Холодная дрожь восторга, похожего на священный страх, пробегает по моей спине. Я слушаю его не только ушами, но всем существом. Я не особенно разбираюсь в том, о чем он пророчествует, меня не очень интересуют вопросы об Атлантиде, о Тайне Трех или Апокалипсисе. Но я покорена, я раздавлена, я готова, не рассуждая, подписаться под его словами. В эти минуты он владеет не только истиной, но и моей волей, как и волей большинства слушателей. Очень немногие могут не поддаться его магии.
Потом, когда он кончит пророчить и превратится снова из библейского пророка в маленького сутулого старика с шаркающей походкой, слушатели снова овладеют собой и пустятся в дискуссию с ним, опровергая высказанные им тезисы.
Ведь бесконечные дискуссии – главное содержание не только заседаний «Зеленой лампы», но и «воскресений». Поплавский постоянно блистал на них.
Да, повторяю, он был прекрасным оратором. И это несмотря на чрезвычайно невыигрышную внешность – внешность слепца. Отсюда и черные очки, скрывающие его кажущиеся слепыми глаза. Он, впрочем, отлично видит. Он сам, должно быть, сознавал странное впечатление, производимое его глазами, и никогда не снимал черные очки.
Ведь глаза – зеркало души. Но его глаза вряд ли были зеркалом его души. Это были странные, неприятные глаза, производившие на многих просто отталкивающее впечатление. В них совсем не отражалась его душа – душа поэта.
Его черные очки, впрочем, были иногда и полезны. В метро и в автобусах, даже в часы наплыва, для него всегда находилось сидячее место: уступи место слепенькому.
Адамовичу в его ораторской карьере помогали его очень красивые и большие глаза, проникновенно устремленные вдаль, и его изящный петербургский подтянутый вид.
Поплавский же был мешковат, небрежно одет и на эстраде производил довольно жалкое впечатление. Голос его был гнусавый и какой-то обиженный, почти плачущий. Казалось бы, как выступать публично при таких данных?

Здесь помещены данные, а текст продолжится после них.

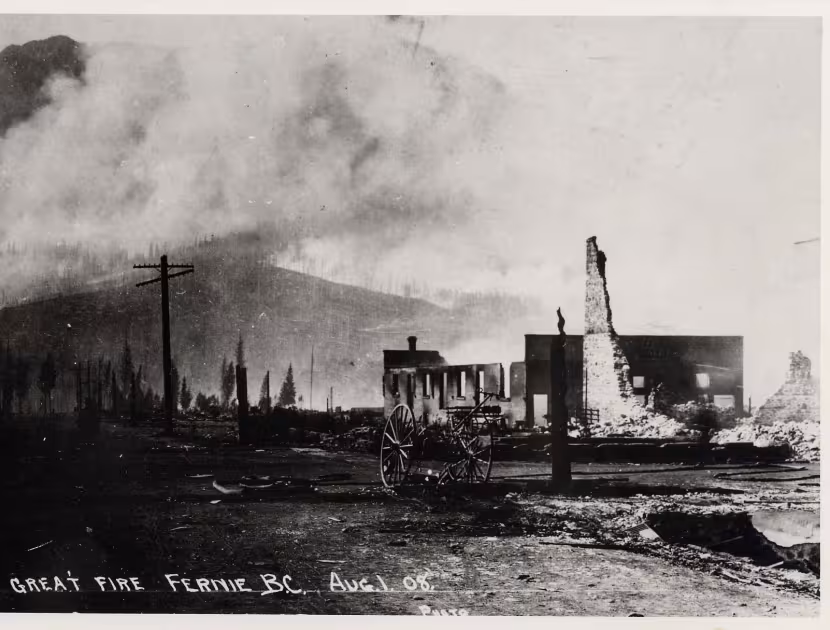 Black and white photograph, a smoky industrial area with buildings and a crane; dark hills in the background.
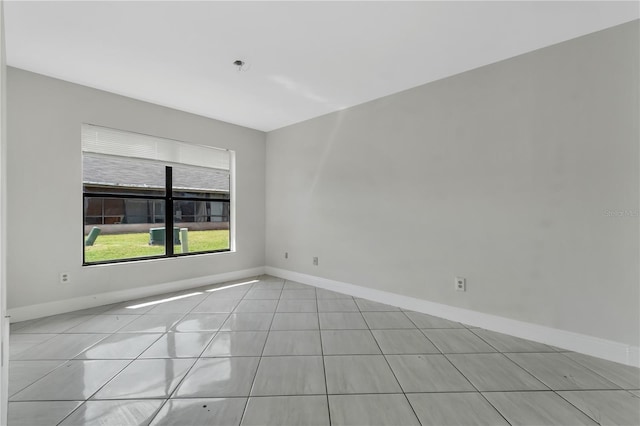tiled empty room with baseboards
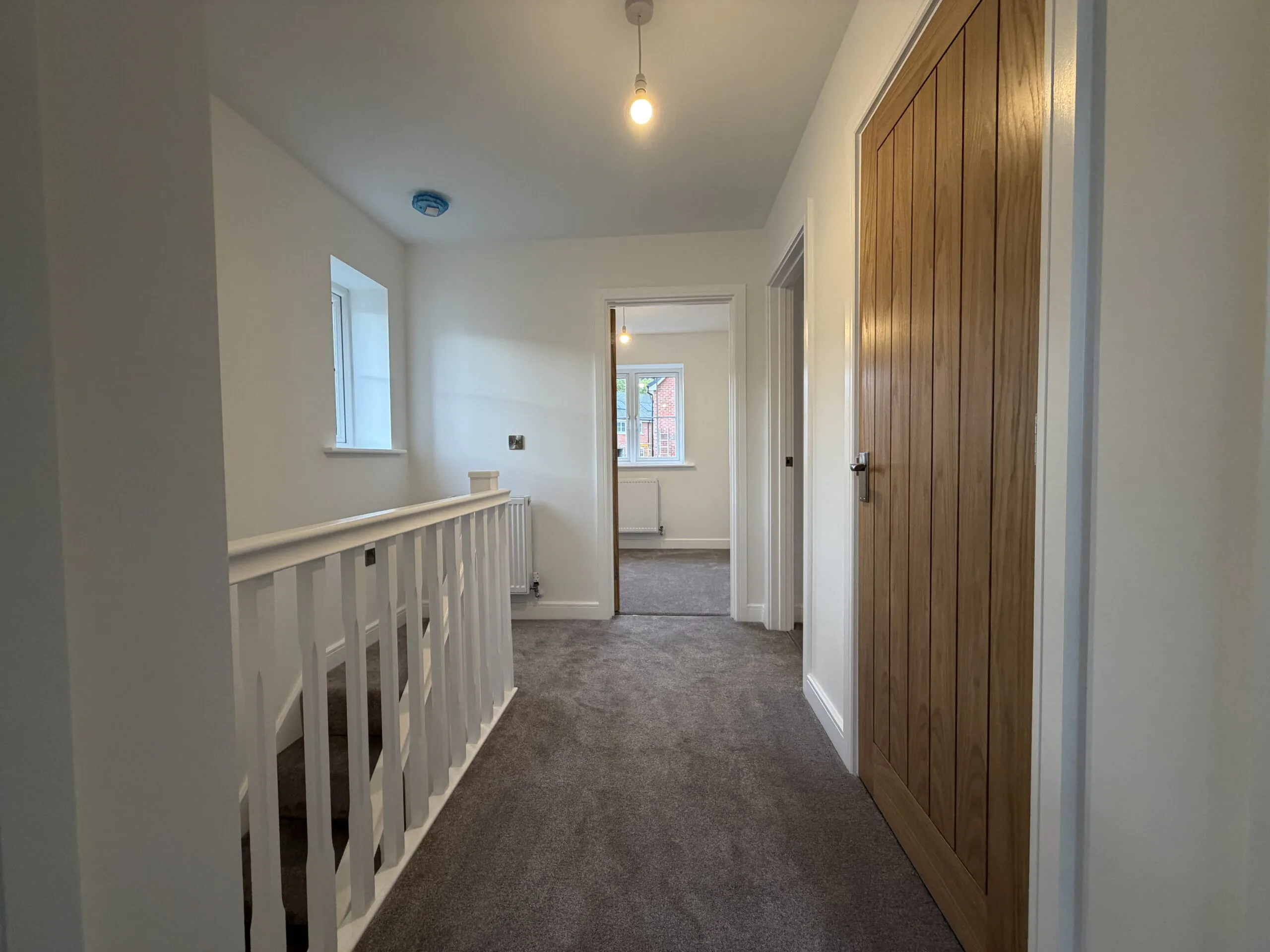 First-floor landing at 34 Warwick Drive featuring a carpeted floor, staircase with white balustrade, built-in storage cupboard and access to all three bedrooms and the family bathroom.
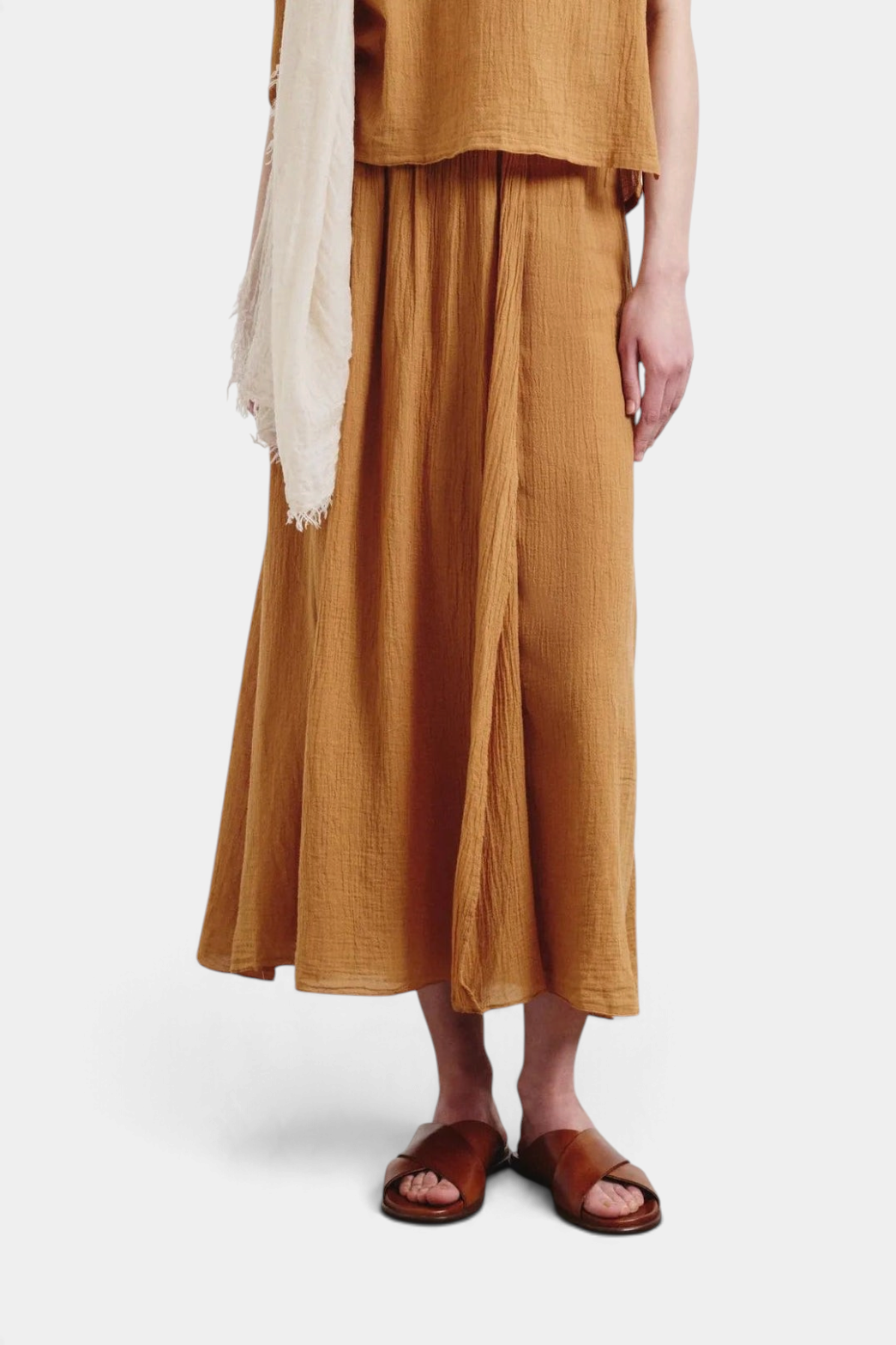 The Copper Shed organic cotton crepe gauze skirt in ochre with front gathers and a fluid, oversized silhouette.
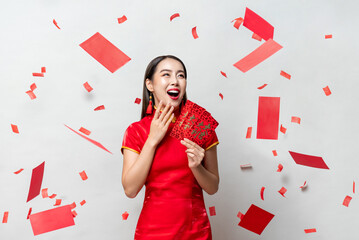 Surprised Asian woman in traditional costume with red envelopes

И все же стоило ему бочком взобраться на эстраду, произнести несколько плохо между собой связанных слов, тряхнуть головой и выпрямиться, как речь его уже лилась неудержимо, удивляя блеском, остротой мыслей и главное – парадоксами, а иногда просто ошарашивая слушателей.
Так, он чуть ли не на первом своем выступлении в «Зеленой лампе» объявил, что скорбит об участи непосильно трудящихся, особенно о грузчиках и проститутках, чем на полвека предвосхитил свое время. Его заявление возмутило многих в те далекие времена.

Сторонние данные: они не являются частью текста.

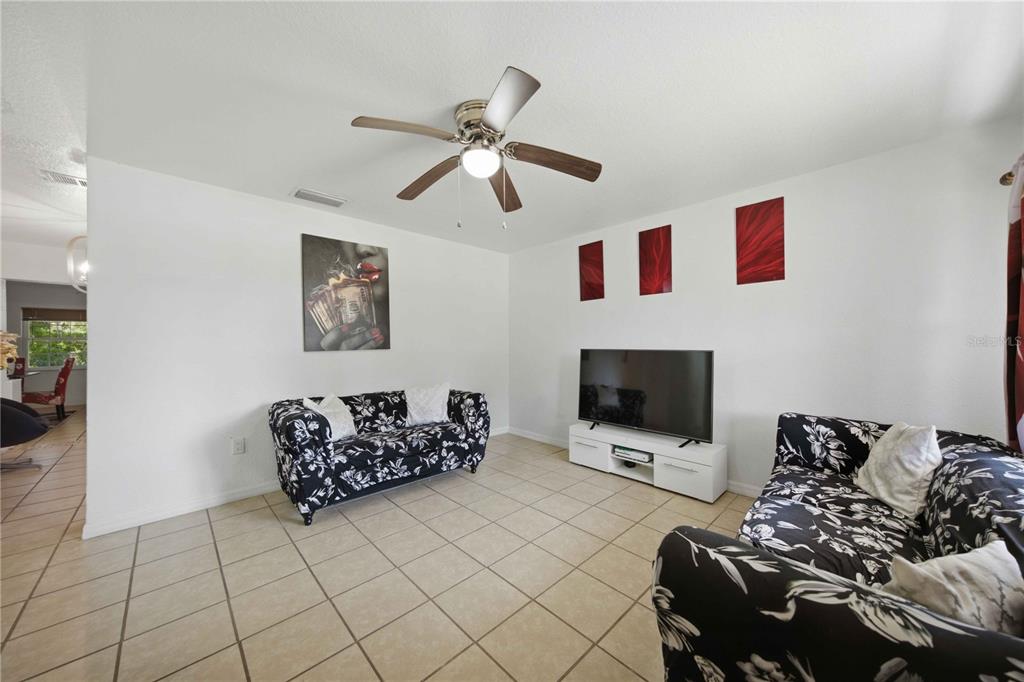 A living room features two floral sofas, a television on a white stand, and tile flooring — 3416 NE 22ND COURT, OCALA, FL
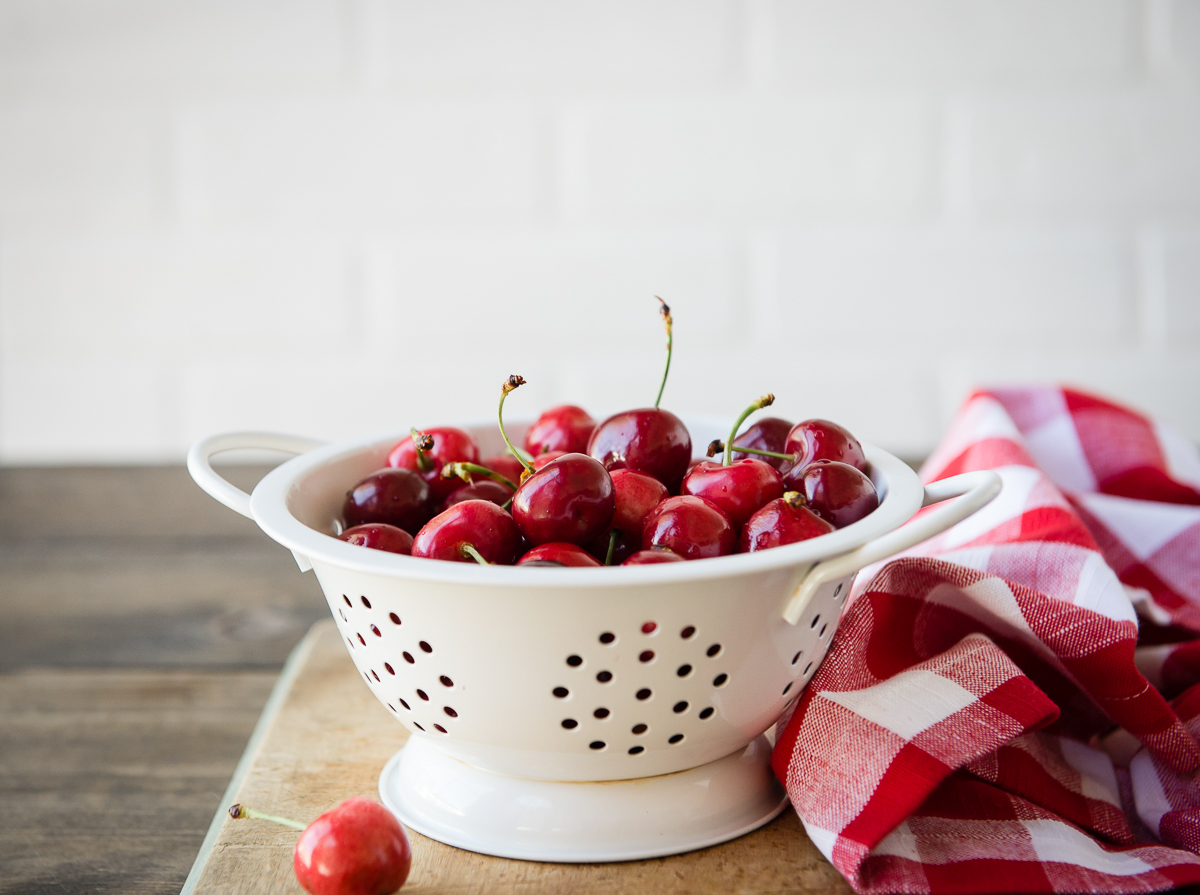 white enamel strainer full of red cherries, on a wooden cutting board, with a red and white checked towel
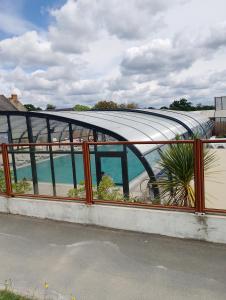 a building with a curved roof with plants in it at Location mobil home in Litteau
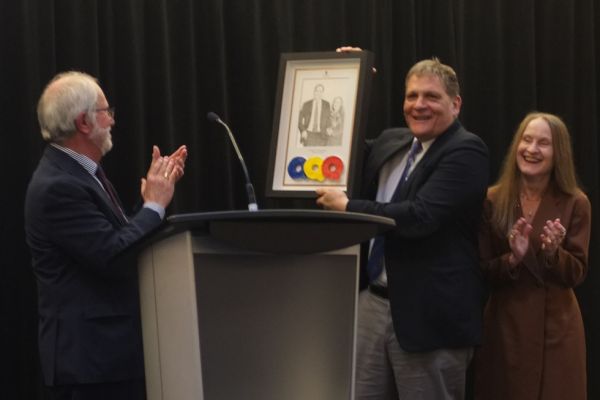 Principal and Vice-Chancellor Patrick Deane (left), presents a drawing to Principal Emeritus Daniel Woolf and his wife Julie Gordon-Woolf..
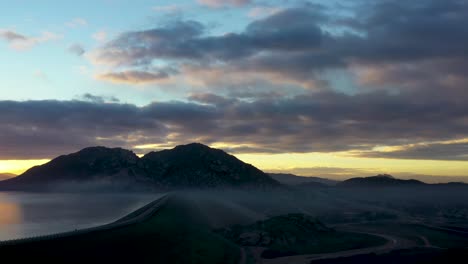 Ein-Sonnenaufgang-Langsam-3D-Aussehende-Pfanne-Mit-Bergen,-Wolken-Und-Dem-See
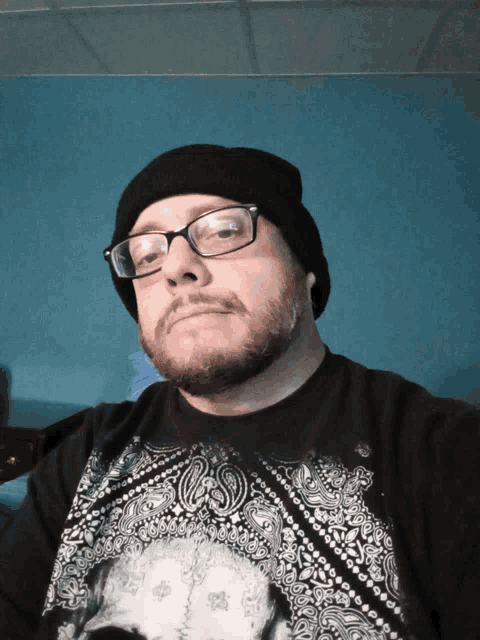 a man with glasses and a beard wears a black bandana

Умел он и возбуждать у дам не только улыбку, но и негодование «огнем нежданных эпиграмм» и парадоксов. Так, на одном из «воскресений» у Мережковского присутствовали гости из Москвы – супруги «рыбьи профессора», написавшие много книг о рыбах и пожелавшие посетить светочей, «великих борцов за свободу» Гиппиус и Мережковского.

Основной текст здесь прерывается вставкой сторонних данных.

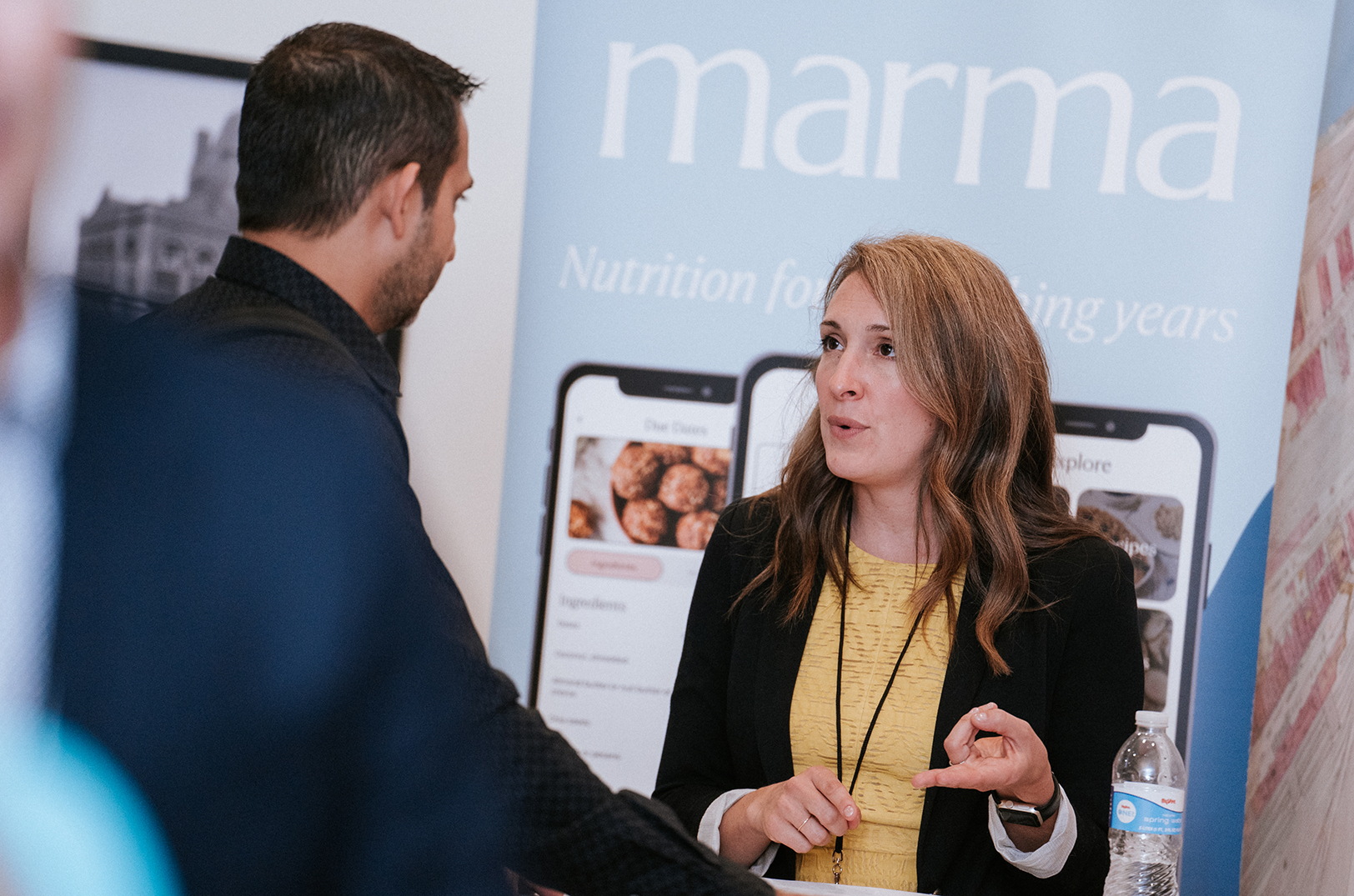 Meredith Evans McAllister, Marma, tells a fellow InvestMidwest attendee about her startup at the 2024 summit in Kansas City; photo courtesy of InvestMidwest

Поплавский, пользуясь короткой паузой, перебивая Зинаиду Николаевну, громко заявил, что свобода несет горе и беды и что ее следует заменить прекрасным рабством, так как рабы наисчастливейшие люди на земле, что в России надо восстановить крепостное право и подарить мужикам счастье рабства.
«Рыбьи профессора» испуганно заморгали, стали смотреть на часы, встали из-за стола, ссылаясь на то, что их ждут, очень ждут, и они уже сильно опаздывают.
Уговоры Зинаиды Николаевны не уходить остались без результата. Они не уходили, а бежали в полном расстройстве чувств. Подавая пальто «рыбьей профессорше», Злобин разобрал, как она про себя шептала, как бы в забытьи: «Господи, и это эмиграция! Какие страшные зубры! О господи!» – о чем он, вернувшись в столовую, и рассказал со смехом.
Конечно, Зинаида Николаевна отчитала Поплавского за его неприличную выходку, но больше для виду. Ему, первому из молодых поэтов – к тому времени он уже успел им сделаться, – многое было позволено, даже слишком многое.